Anthony van Dyck featured the Virgin Mary on several occasions in his career, with this religious symbol providing perfect inspiration for emotive scenes. Such topics were particularly common in the earlier stages of his career whilst later on he would receive large numbers of commissioned portraits. That said, this particular work arrived in 1628 by which point most of his artistic development had already taken place.
The Jesuit sodality in Antwerp had welcomed the artist into their ranks before commissioning his services for several paintings, including this one. There are some similarities between this painting and two earlier artworks by Gerard Seghers and Peter Paul Rubens, both of which he is likely to have seen before commencing this piece.
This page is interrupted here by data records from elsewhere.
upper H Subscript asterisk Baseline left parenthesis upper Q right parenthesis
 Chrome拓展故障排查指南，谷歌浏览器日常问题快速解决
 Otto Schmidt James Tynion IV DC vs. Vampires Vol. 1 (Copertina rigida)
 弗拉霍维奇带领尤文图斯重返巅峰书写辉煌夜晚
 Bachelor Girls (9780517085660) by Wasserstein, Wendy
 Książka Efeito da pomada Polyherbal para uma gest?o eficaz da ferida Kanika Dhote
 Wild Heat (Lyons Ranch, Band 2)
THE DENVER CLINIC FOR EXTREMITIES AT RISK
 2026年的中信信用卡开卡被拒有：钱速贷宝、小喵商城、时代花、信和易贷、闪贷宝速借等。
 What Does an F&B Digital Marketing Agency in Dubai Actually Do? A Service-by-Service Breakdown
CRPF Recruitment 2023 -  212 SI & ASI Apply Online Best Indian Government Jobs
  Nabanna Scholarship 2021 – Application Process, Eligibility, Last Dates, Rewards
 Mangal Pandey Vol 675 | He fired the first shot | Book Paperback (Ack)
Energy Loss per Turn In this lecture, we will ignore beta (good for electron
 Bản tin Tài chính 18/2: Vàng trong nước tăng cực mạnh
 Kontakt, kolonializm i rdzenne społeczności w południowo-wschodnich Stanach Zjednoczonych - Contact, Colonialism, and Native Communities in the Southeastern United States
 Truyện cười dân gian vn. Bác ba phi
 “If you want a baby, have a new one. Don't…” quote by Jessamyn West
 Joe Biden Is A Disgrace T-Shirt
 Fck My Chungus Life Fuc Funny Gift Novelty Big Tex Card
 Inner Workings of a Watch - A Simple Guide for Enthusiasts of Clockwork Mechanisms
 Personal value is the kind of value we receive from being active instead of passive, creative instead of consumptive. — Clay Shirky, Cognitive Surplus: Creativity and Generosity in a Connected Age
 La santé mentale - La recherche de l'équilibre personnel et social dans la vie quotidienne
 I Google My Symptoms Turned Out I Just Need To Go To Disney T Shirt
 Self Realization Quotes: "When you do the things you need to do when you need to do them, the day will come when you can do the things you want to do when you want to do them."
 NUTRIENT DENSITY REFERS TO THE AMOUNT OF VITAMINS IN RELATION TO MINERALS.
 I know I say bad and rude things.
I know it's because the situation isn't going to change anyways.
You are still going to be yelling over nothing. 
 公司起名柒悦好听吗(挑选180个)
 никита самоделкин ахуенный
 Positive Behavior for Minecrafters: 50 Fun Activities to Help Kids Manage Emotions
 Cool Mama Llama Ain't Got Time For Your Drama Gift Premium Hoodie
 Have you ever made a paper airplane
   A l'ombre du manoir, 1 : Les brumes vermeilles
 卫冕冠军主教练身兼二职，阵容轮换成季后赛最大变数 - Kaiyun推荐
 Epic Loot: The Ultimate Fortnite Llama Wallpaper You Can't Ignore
Van Dyck was skilled in depicting architectural features within his background scenes and there is a delicately lit pillar sitting at the back of this painting. Such an addition brings a real sense of class and history to the main figures in the foreground. An angel's wings are also carefully detailed, with the main focus of light drawing out the main facial features of the three figures.
This oil on canvas painting can be found at the Kunsthistorisches Museum in Vienna and is normally on display as part of their permanent collection. Alongside this complex piece you can also enjoy original paintings by the likes of Jan van Eyck, Caravaggio, Johannes Vermeer, Pieter Brueghel the Elder and Thomas Gainsborough.